The Zombie Apocalypse, Climate, and COP 21

A woman sits next to an animal display aspeople attend the COP21 United Nations Climate Ch
Miguel Medina/AFP/Getty Images

I never imagined that the zombie apocalypse would come to mind in daily life. But when I was in Paris on Monday it did. A crowd of the braindead were making incomprehensible noises doggedly trying to come through the closed doors where we were, and some, who had not fully turned, were already in the room with us.

They weren’t actual zombies, of course. It was leftist street theater outside, with the journalists (not fully turned) inside. The two groups have a strange symbiotic relationship that resonates beyond the comprehension of sensible people. The zombies were there to pester the joint Heartland Institute, CEI, CFACT,  parallel events to COP 21, but  they were clearly fueled by press cameras at the opening press conference.

Wanted posters were put up on the streets of Paris identifying various personalities present as criminals. I was not one of them, but that is probably because they do not understand my research work on climate, which mostly appears in journals that do not have “climate” in the title. But unlike the street actors, the journalists were invited. It was a press conference after all.

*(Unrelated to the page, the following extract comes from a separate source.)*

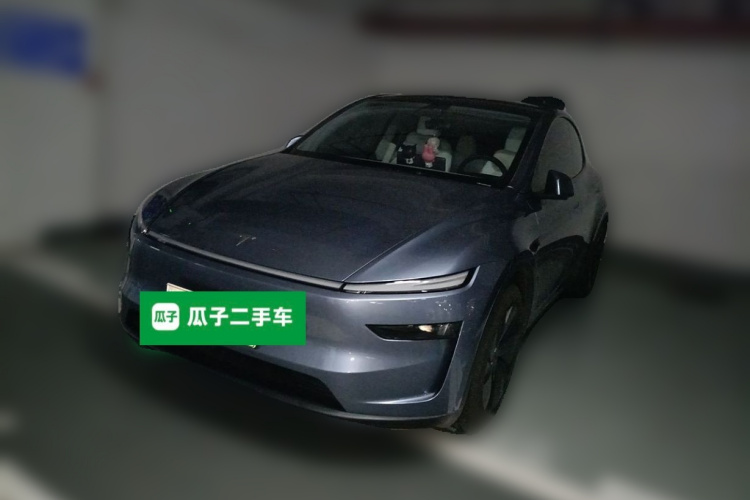 Tesla Model Y 2025 car image #2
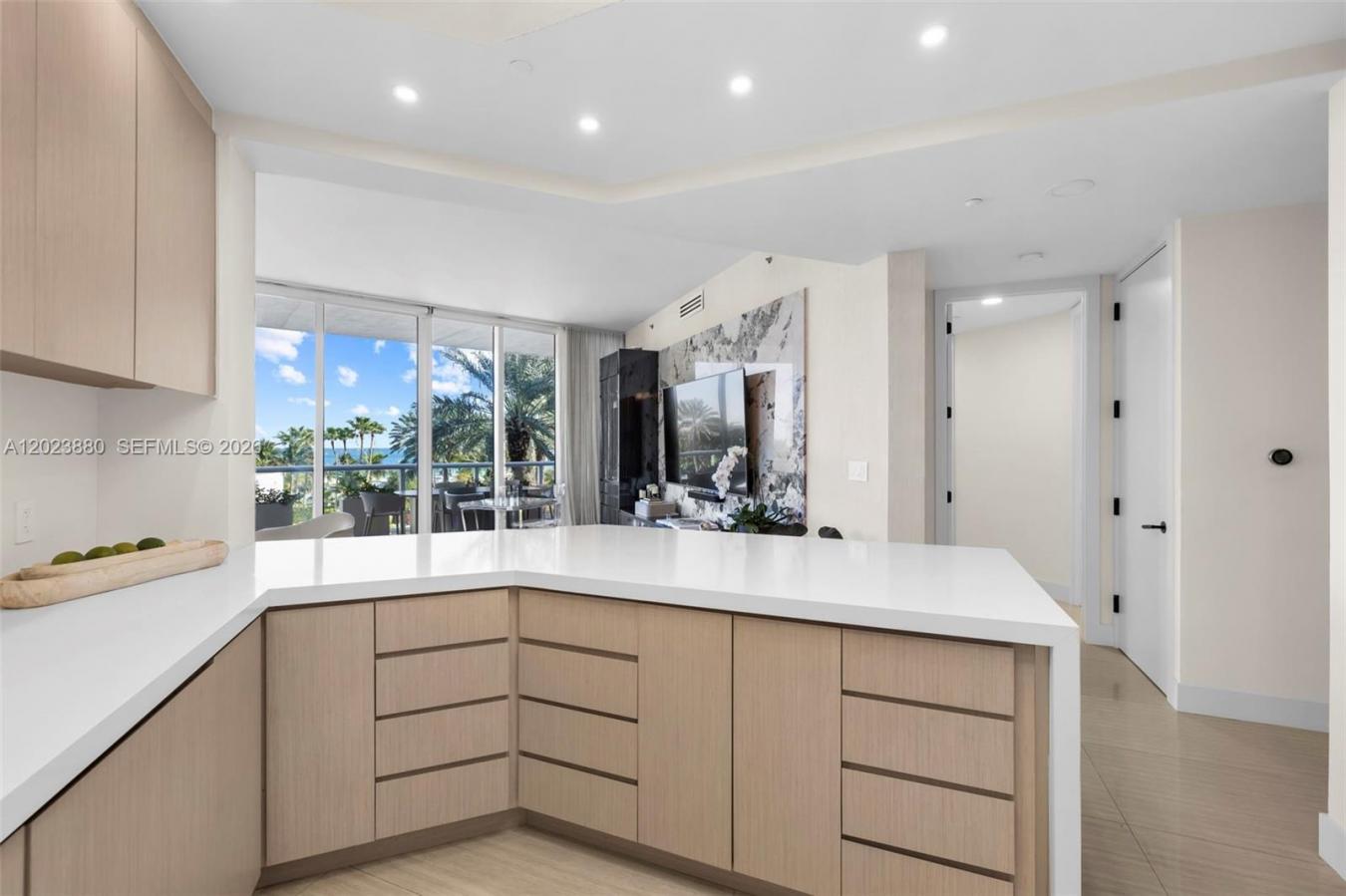 Miami Beach, Florida, 33139, United States, 2 Bedrooms Bedrooms, ,2 BathroomsBathrooms,Residential,For Sale,2049700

The organizers offered to have the scientists in the audience, including me, answer any scientific questions the press might have. But there were no takers for that science stuff at the press conference. It was all about the money from oil companies etc. that these various institutes were charged with taking.

It continued to be about this, even after all of the representatives denied being supported by money from oil companies! One journalist seemed to interpret repeated emphatic rejection of the notion that they were not in the pocket of big fossil as a confession that they were. The institutes’ representatives clearly spelled out their non-fossil motives, but many journalists seem to have fossilized views.

Some journalists were interviewing anyone at the event. So naturally, I was asked to do an interview on video.

“First, tell me who you represent?” I asked the person asking to interview me.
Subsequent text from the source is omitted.